1. Logos. People use their cars to broadcast things that are important to them to the rest of the traveling public – their favorite sports team, the fact that they’re memorializing a lost loved one by plastering their birth and death dates on the back window, or their affiliation with PETA, the NRA, or their great love of some random geographic location. What I never really expected to see was someone driving past with a two foot tall Under Armor logo affixed to his back window. I’m sure they make some very nice clothing, but for some reason it feels pretty much like me having a giant Fruit of the Loom logo emblazoned across the back of my truck. No matter how comfy they might be, it’s a safe bet that almost no one on the planet actually cares about your choices in underwear… but maybe I could interest you in a nice Dale Earnhardt “3” with angel wings if you’re really looking to class up your ride a little.
2. Printing. It’s apparently the hardest function known to network engineering. I don’t generally like having hard copies floating around, but there are just some moments when you can’t avoid needed a paper copy. Sure, that’s mostly because we’re woefully behind the curve when it comes to adopting ultra-portable computers and tablet technology, but that’s a different rant for a different night. All I really need is a printer that works reliably on the three days a month when I actually do need a dead tree copy of something. I can manage to keep a 99.99% up time on my home network with a history degree and a reasonable dose of common sense, surely the cast of hundreds who theoretically have advanced training and education in networking can come up with a way to make the bloody printers work.

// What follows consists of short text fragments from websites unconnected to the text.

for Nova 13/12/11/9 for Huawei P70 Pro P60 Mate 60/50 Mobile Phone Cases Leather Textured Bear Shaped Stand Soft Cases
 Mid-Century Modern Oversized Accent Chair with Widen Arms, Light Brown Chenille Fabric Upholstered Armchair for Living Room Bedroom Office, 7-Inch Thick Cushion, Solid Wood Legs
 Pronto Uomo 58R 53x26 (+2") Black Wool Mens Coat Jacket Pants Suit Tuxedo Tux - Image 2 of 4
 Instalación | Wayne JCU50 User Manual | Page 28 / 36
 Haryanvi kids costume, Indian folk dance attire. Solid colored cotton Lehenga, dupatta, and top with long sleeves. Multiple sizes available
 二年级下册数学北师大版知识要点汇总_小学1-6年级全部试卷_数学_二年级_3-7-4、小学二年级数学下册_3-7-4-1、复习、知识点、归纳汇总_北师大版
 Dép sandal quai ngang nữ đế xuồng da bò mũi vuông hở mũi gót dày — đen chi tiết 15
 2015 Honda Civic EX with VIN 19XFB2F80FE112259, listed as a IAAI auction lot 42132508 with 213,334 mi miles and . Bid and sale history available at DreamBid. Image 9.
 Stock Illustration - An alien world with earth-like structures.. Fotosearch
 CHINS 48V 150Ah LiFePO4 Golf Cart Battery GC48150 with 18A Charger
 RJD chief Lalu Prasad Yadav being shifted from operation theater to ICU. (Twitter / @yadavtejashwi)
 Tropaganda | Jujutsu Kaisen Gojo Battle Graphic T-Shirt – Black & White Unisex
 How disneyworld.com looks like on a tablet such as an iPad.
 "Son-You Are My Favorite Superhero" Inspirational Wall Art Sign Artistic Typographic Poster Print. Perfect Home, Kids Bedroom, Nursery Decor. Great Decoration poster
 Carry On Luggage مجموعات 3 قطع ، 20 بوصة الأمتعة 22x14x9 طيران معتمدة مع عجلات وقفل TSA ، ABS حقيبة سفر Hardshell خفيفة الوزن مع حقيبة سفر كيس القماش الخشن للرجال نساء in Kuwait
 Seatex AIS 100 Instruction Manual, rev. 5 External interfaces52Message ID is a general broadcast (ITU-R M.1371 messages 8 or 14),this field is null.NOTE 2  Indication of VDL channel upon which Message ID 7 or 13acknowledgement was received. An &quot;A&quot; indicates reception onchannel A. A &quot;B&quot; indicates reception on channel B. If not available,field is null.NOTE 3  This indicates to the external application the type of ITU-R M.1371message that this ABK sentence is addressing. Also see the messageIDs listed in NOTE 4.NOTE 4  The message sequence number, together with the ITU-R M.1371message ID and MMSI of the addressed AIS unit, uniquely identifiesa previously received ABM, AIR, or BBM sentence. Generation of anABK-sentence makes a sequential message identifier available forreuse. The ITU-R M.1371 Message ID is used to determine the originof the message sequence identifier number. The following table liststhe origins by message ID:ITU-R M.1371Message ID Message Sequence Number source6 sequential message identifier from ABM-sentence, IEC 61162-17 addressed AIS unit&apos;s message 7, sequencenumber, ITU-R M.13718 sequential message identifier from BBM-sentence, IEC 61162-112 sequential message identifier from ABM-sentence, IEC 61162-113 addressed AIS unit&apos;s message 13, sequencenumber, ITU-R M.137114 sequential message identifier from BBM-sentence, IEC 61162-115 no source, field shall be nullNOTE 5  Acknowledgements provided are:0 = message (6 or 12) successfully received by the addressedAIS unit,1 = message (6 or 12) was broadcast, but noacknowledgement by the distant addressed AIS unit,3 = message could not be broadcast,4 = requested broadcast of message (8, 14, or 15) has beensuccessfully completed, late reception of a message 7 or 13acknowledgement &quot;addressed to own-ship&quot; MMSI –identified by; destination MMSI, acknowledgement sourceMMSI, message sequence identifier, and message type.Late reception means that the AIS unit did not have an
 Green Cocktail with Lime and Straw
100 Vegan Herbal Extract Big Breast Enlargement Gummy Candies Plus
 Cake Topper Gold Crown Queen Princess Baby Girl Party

3. Darkness at dawn. I’m ready for the cool, crisp evenings, but I’m not in any way prepared for the 6AM darkness that comes along with the end of summer. Over the last week I’ve regretfully noted the darkness encroaching a little further into the morning routine. At the end of July, the sun sparkled on the dew covered grass long before 6AM. Here at the end of August, there’s barely enough light to make out cars and houses on the other side of the road. In another few weeks it’ll be pitch black for the entire morning routine. A few weeks after that, it’ll be dark for the evening routine too. Maybe there’s something poetic about 10 hours of work and commute bookended by pitch blackness, but I trade in prose, not poetry, so the long, dark nights can bugger off because I’m nowhere near ready for them yet.